Well, for starters, I’m not your ex so there’s your first problem right there. No one – male or female – wants to be compared in any way, shape or form, to the previous lover of your current partner. What need is there for you tell us what your ex enjoyed in bed? We’re all different, we all like different things, so what pleases one woman may not necessarily please another. When you start a new relationship, one of the most exciting things is exploring what pushes each other’s buttons, not confirming the things that pushed the buttons of the past.

As you know, we women are pretty emotional creatures and mentioning an ex-partner during an intimate encounter can be pretty hurtful, and it certainly won’t turn us on. Don’t look  back and think what you did for your ex, look forwards and think what you can do for your partner now and I’ll be honest, you might be pleasantly surprised with the outcome.

“I have to go soon”

Oh really? Well on your way then, I’ve got a vibrator, I’ll be fine. What a turn off. If you set a limit on sexual intercourse, that moment of intense passion can be gone in an instant, especially when you’re clock watching. If we know that we’re shagging on a schedule, we’ll find it a lot harder to get aroused and let’s face it, it takes two to tango, so mentioning something that puts a boundary on sex can kill it completely.
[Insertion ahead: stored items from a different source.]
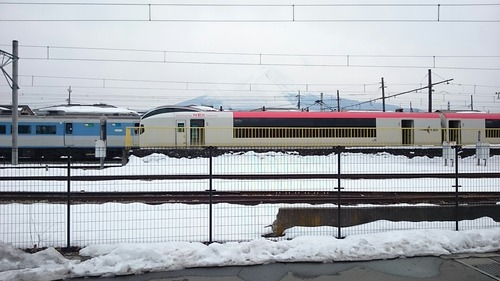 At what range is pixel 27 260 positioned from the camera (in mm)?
5488

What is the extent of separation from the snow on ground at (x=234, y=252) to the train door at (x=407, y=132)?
72.9 ft

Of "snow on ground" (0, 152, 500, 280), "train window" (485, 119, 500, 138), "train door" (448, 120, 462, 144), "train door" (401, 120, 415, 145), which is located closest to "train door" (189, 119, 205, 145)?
"train door" (401, 120, 415, 145)

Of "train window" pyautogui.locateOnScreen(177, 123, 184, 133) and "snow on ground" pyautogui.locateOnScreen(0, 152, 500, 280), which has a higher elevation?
"train window" pyautogui.locateOnScreen(177, 123, 184, 133)

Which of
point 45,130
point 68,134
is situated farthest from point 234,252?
point 45,130

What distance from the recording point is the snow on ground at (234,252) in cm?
527

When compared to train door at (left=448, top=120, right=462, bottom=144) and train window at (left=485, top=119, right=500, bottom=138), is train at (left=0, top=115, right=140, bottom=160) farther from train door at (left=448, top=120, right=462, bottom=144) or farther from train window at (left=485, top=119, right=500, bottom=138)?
train window at (left=485, top=119, right=500, bottom=138)

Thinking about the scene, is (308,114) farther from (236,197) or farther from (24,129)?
(24,129)

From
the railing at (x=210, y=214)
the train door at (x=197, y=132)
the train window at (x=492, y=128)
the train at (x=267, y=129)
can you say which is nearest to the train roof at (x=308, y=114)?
the train at (x=267, y=129)

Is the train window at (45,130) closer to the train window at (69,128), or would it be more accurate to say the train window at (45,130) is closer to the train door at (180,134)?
the train window at (69,128)

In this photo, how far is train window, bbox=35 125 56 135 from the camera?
2686 centimetres

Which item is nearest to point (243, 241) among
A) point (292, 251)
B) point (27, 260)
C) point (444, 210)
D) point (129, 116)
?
point (292, 251)

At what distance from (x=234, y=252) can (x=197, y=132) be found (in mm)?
20979

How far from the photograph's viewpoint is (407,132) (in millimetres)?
27938

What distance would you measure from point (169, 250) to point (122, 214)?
124 inches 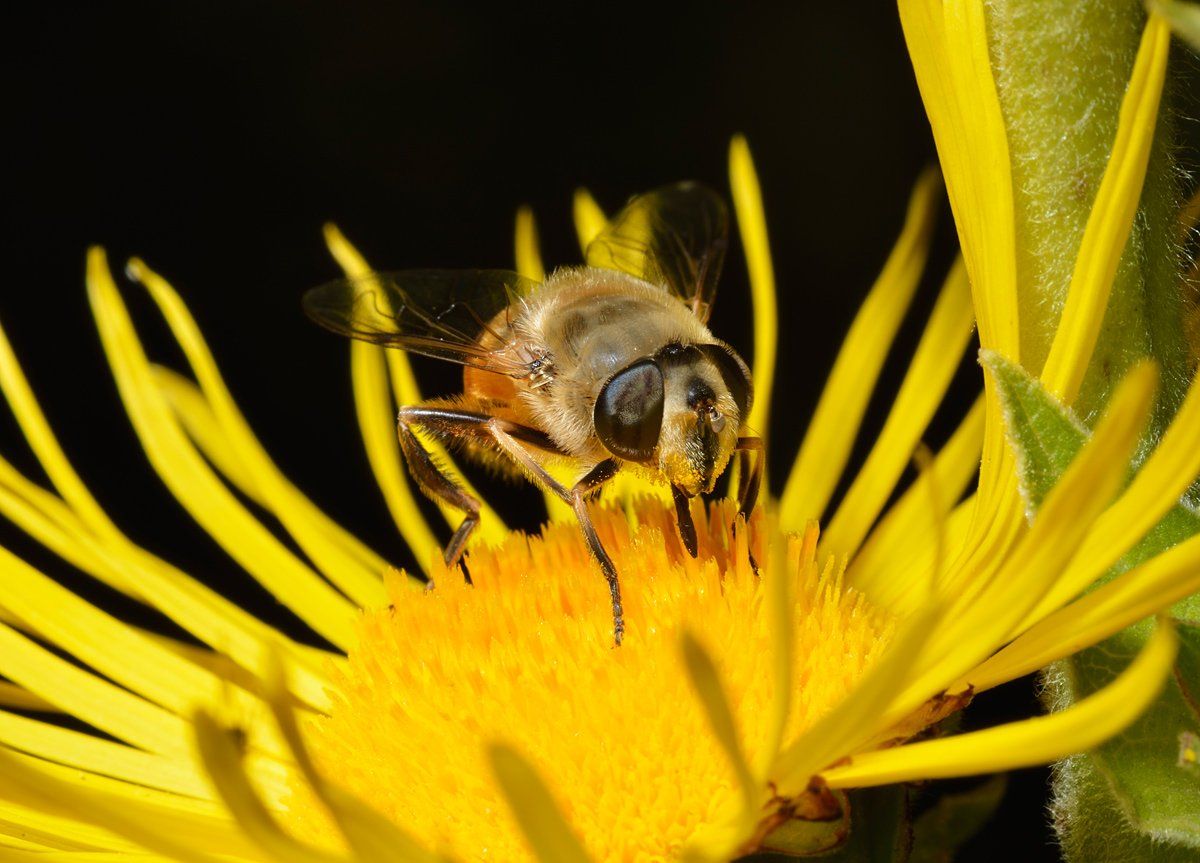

The last thing a woman wants to feel like is an inconvenience to a man, particularly when it comes to sex. If you really are struggling for time, maybe get between the sheets at an alternative hour when you’re able to concentrate on the task at hand, rather than the watch on your wrist.

“Don’t do it like that”

Oh okay then well I’ll just not do it all then. At the beginning of any new relationship, both men and women certainly experience anxiety and insecurities about their sexual performance and like I said earlier, you’ve got to figure out which buttons to push, so when you blurt out something like that, you undoubtedly kill our confidence in selfless pleasuring, and it sucks, not to mention it completely ruins the moment.

Of course, it’s a great idea to be open and honest about what you like in the bedroom department, but rather than being negative about it, why not put more effort into saying the things you like rather than the things you don’t. Believe it or not, we women are great listeners, and learners for that matter, so if you’re vocal about what really works for you, it’s obviously going to work in your favour, so think twice when it comes to expressing your feelings.

“Have you come yet?”

Well if you have to ask, that’s a sure fire sign that I’m nowhere near. Dear God, sometimes it’s difficult enough for we women to orgasm as it is without men asking the question and putting unnecessary pressure on us to finish up quickly. It’s perfectly normal for a woman to take a longer amount of time to have a happy ending, but don’t ask, trust me – when she does, you’ll know!

If you ask, you’ll ruin the atmosphere and as close as she may have been, you’ve just got yourself back to square one having to start all over again. Do not pass go, do not collect £200, just get your head between her legs until a climax is blatant and you’re both left satisfied and smiling. Believe me, the last thing you want is to force a woman to fake an orgasm if you put her under pressure to do so!